Vous avez parlé de dette coloniale ?

Après avoir suivi l’exposé d’Eric Toussaint sur le fonctionnement de la Banque mondiale (BM) ainsi que certaines de ses exactions et avoir qualifié à ce titre l’orateur de « véritable historien de la BM », Gino Alzetta se lança dans un plaidoyer contre l’annulation des dettes héritées de la colonisation [4]. Il appartient selon lui, aux États de respecter le principe de la transmission des dettes comme l’ont fait la Fédération de Russie lors de la chute de l’URSS [5] ainsi que le Pakistan occidental et le Pakistan oriental à la création du Bangladesh en 1971 [6].

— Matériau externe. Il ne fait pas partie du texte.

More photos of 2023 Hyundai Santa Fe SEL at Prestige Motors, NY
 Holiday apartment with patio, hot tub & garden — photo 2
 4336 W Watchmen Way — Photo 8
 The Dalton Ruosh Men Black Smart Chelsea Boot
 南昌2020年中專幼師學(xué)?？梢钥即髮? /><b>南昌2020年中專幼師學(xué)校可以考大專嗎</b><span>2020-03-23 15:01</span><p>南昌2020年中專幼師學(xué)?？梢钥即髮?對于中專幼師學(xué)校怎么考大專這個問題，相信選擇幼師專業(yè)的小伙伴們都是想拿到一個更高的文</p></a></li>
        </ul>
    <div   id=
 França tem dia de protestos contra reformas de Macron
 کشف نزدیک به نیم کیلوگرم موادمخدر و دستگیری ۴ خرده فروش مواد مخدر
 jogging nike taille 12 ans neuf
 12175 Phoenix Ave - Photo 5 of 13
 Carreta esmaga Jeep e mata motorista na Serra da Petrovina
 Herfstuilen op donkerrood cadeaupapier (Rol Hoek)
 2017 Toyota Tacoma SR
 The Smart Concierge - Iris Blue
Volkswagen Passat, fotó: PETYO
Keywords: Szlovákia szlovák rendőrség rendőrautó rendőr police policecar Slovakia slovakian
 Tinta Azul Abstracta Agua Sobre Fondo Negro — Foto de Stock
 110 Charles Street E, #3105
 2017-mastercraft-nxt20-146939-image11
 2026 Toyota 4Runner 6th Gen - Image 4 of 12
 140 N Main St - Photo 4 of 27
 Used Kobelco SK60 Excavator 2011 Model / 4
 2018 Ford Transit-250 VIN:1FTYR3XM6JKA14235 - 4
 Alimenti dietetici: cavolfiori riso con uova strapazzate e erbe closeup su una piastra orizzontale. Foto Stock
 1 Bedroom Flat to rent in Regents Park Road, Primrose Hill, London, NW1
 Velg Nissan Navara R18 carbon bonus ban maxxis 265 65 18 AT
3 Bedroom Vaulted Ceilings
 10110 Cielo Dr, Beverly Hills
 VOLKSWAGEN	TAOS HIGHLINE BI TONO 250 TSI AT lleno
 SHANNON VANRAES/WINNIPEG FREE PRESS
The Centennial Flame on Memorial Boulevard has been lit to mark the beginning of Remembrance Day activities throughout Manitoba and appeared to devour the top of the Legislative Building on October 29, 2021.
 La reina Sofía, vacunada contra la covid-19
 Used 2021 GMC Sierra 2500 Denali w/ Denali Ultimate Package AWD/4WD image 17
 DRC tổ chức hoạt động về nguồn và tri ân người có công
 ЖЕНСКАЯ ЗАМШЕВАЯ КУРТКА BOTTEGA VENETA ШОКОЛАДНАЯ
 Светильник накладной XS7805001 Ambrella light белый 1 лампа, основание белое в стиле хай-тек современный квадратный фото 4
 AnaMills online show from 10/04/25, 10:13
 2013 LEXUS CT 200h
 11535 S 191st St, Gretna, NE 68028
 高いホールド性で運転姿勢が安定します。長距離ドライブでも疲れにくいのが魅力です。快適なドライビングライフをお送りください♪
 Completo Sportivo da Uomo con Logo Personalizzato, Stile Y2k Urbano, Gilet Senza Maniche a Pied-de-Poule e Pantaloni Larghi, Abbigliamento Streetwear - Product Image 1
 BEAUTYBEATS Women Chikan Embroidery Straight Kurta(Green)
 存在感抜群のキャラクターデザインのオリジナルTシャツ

Eric Toussaint invoqua le caractère totalement inapproprié de ces deux exemples : « On ne peut mettre sur le même pied la dissolution de Fédérations où la dette est effectivement partagée entre les différentes entités qui la composaient et un État colonisé qui au moment de son indépendance hérite de la dette contractée par la métropole coloniale. Il s’agit de dynamiques absolument différentes. Il appartient à toute puissance coloniale de payer la dette qu’elle a contractée pour asservir et exploiter les peuples soumis à sa domination. En aucun cas, cette dette coloniale ne doit peser sur les finances publiques des anciennes colonies ayant acquis leur indépendance. Ce principe fut codifié par le Traité de Versailles en 1919 à propos de la dette contractée par le gouvernement prussien en vue de la colonisation de la Pologne. Il fait, dès lors, partie intégrante du droit international.  »


« On ne peut placer un gendarme derrière chaque arbre de la forêt congolaise ! »

Face à l’accusation émise par Eric Toussaint de violations graves des droits humains par la BM en RDC où elle soutient l’exploitation commerciale de la forêt au détriment des terres et des moyens de subsistance des Pygmées [7], G. Alzetta déclare que la banque veut « remettre en ordre » les prêts accordés trop rapidement aux exploitants forestiers. Il attire cependant l’attention de l’auditoire sur la difficulté pour la banque de surveiller tout ce qui se passe sur un territoire aussi immense que la forêt du Bassin du Congo. Afin que les populations pygmées n’exploitent pas uniquement leur forêt pour les ressources financières qu’elle peut leur rapporter, G. Alzetta allégua que la BM les forme à l’utilisation des plantes médicinales, à la gestion de la biodiversité…


« Il n’est pas nécessaire de faire comparaître la BM en justice puisqu’elle est déjà contrôlée par le Panel d’inspection »

G. Alzetta prétend que la banque est soumise à un processus de vérification de la conformité de ses politiques aux droits humains fondamentaux. De fait, elle a volontairement mis en place une institution rendant possible des mécanismes de recours contre ses actes et décisions : le Panel d’inspection de la BM qui exécute, selon Mr. Alzetta, avec grand succès la mission qui lui est confiée.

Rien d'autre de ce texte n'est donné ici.